Not someone specific. A few years ago, I was angry enough about the dreadful poaching in Africa to have the protagonist of my first series, Brack Pelton, kill several poachers and have an elephant germane to the story help him do it. I found great satisfaction in that.
How realistic is your setting? Do you take liberties, or are you true to life?
My settings are based on the time I spent living in Charleston. However, if something bad happens, I make up the location. I also created a beach bar that has become a central meeting place in the books because the same Brack Pelton from the previous answer owns it.
When the movie or TV series is made, who plays the major parts?
Good question. I’m not sure I want to answer it.
What’s the worst and best advice you’ve heard or received as an author?

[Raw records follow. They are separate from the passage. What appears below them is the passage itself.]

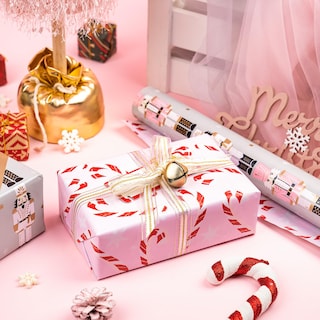 Foto 6 | Foto 6 | Papel De Regalo Navideño Wrapaholic Reversible De 43 Cm X 10 M - Venta Internacional.
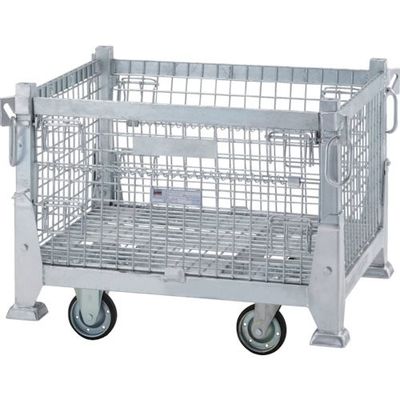 トラスコ中山 TRUSCO 吊りネットパレット車輪付 1000X800X773 700kg T0810TPC 1台 257-2078（直送品）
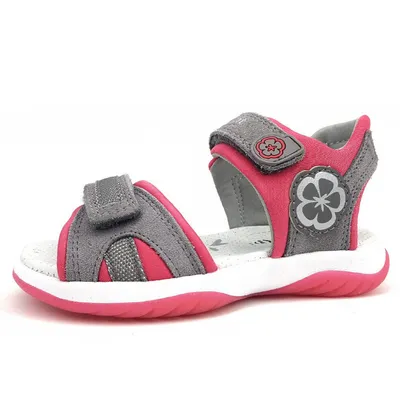 Produktbild von Superfit Sunny Kinderschuhe Mädchen Sandale Grau Freizeit, Schuhgröße:31 EU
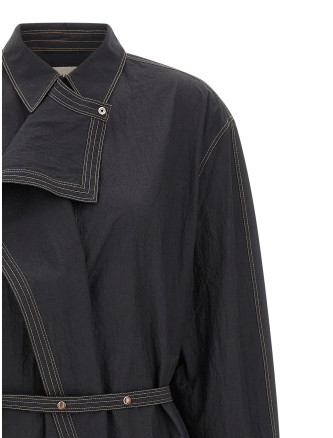 'Asymmetrical Shirt' dress #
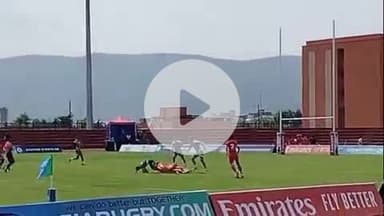 राजगीर: राजगीर में एशियन रग्बी अंडर-20 सेवेंस चैंपियनशिप में पहला दिन रोमांच से रहा भरपूर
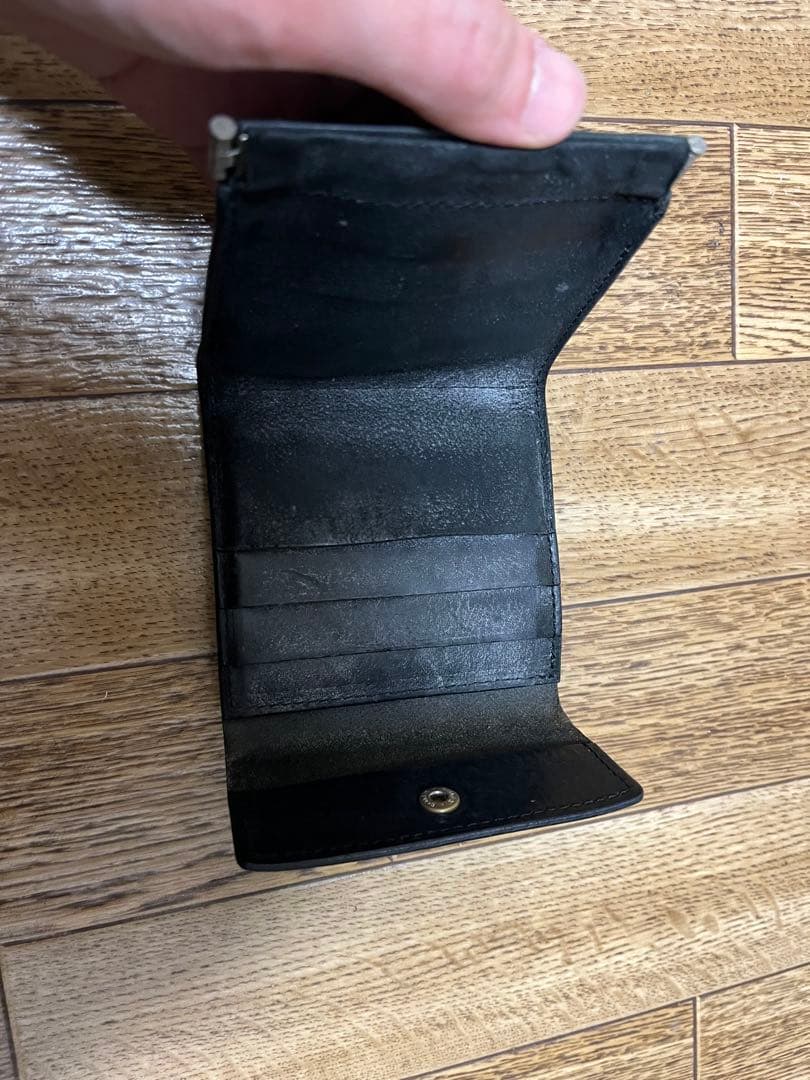 Hender Scheme エンダースキーマ 3つ折りウォレット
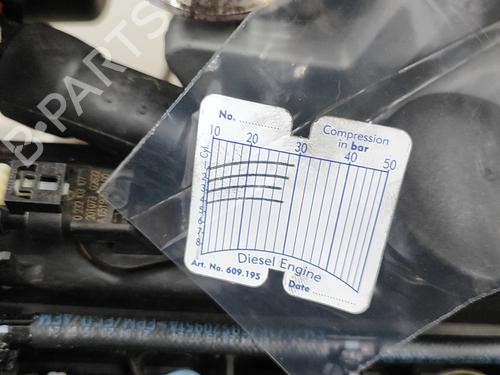 Engine MERCEDES-BENZ SPRINTER 3-t Van (B910) 214 CDI (910.621, 910.623) | BP30108112M1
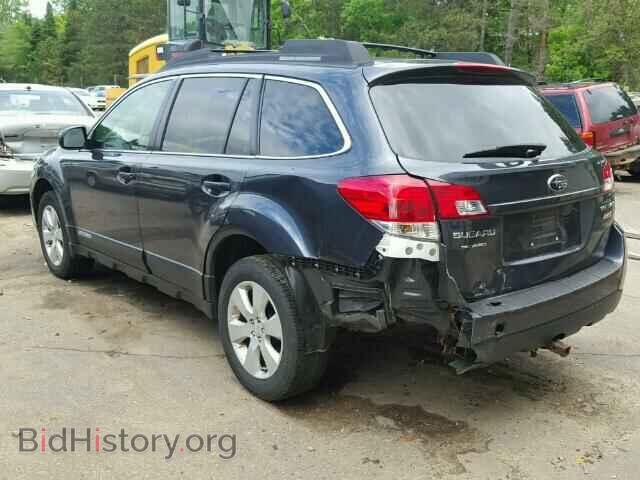 2011 SUBARU OUTBACK - VIN: 4S4BRBCC0B3420774 - Фото 3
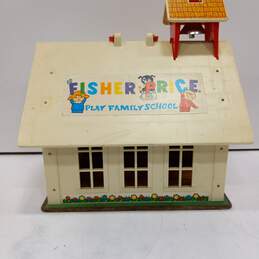 Vintage Fisher-Price Play Family School House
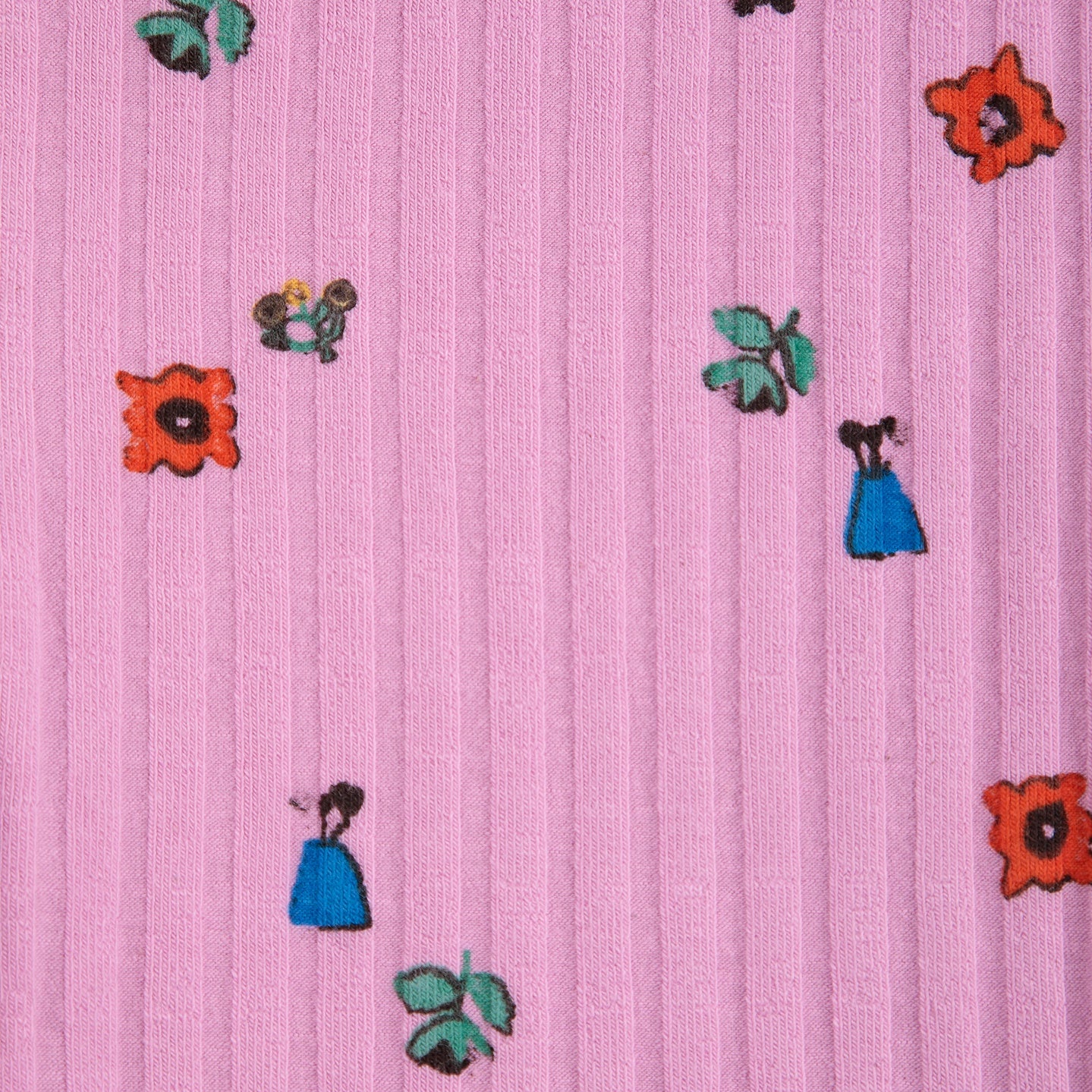 Bobo Choses | Broek | Blossom all over leggings | Pink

The best advice I heard was to stay out of the political commentary on social media. The worst advice, which I didn’t follow, was to not use a private editor. It made the difference between still waiting to be published and getting my first contract. Now, there are a lot of caveats to hiring the right private editor. It isn’t something everyone is good at.
About The Author
David Burnsworth became fascinated with the Deep South at a young age. After a degree in Mechanical Engineering from the University of Tennessee and fifteen years in the corporate world, he made the decision to write a novel. In It For The Money is his fourth mystery. Having lived in Charleston on Sullivan’s Island for five years, the setting was a foregone conclusion. He and his wife call South Carolina home.